Even if he is able to secure a pardon from the governor, Sanders is not certain he would attempt to run for office again. But he hopes his predicament will motivate the legislature to add more specificity to the “infamous acts” clause, so that rehabilitated non-violent drug offenders aren’t excluded from public office for life. Sanders says, “People are looking at this law now, so it’s not going to just end with Corey Sanders, it’s going to help people, black and white, coming out of prison.”
In some ways, the drug war looks like it’s on its last legs, with recreational marijuana use legalized in four states and the District of Columbia, increased efforts toward decriminalization, and widespread support for ending mandatory minimum drug sentencing popping up on both sides of the aisle.

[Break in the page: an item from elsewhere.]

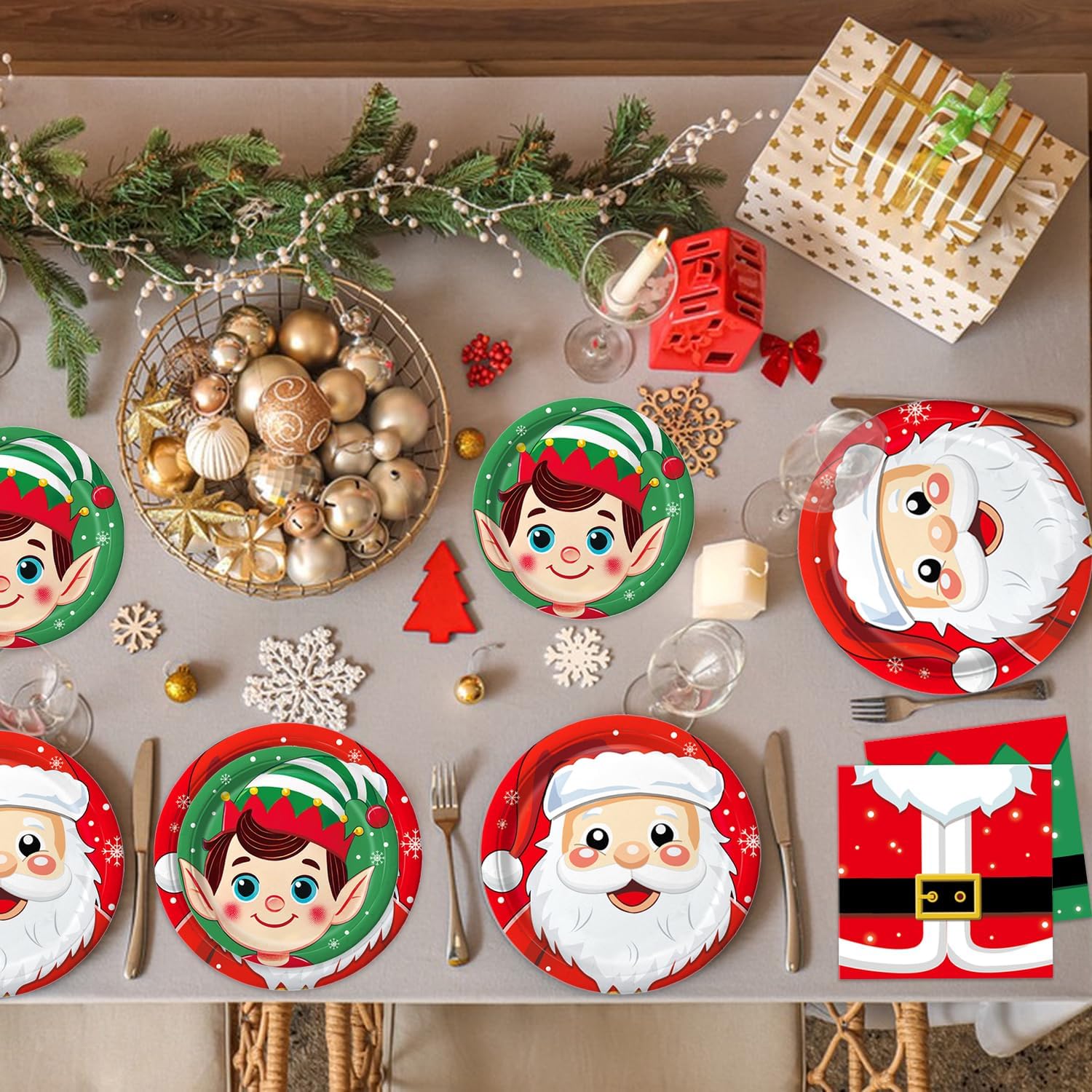 144 PCS Christmas Party Decorations - Christmas Party Supplies Set Includes Paper Plates, Napkins, Cups, Forks, Knives for Holiday Xmas Party Decorations, Serves 24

But while the trend toward ending zero tolerance laws for non-violent drug-related crimes has helped ease some of the drug war’s current social pressures, it also obscures the harsh reality that for many, laws informed by drug war-era zero tolerance leave a scar of shame that affects people long after they’ve served time, reformed their lives, and even become pillars of their communities.
No matter how fast obsolete drug laws are liberalized, it will take many more years to expunge from the books all the obscure statutes that single out drug offenses for a lifetime of scorn. Until then, the laws will keep judging people like Sanders and Sarasnick for who they were—not who they are.
“My past helped make me the man I am today,” Sanders told me, “but it doesn’t define the man I am today. If a person doesn’t change through trials and tribulations, that’s a person who got older with no growth.”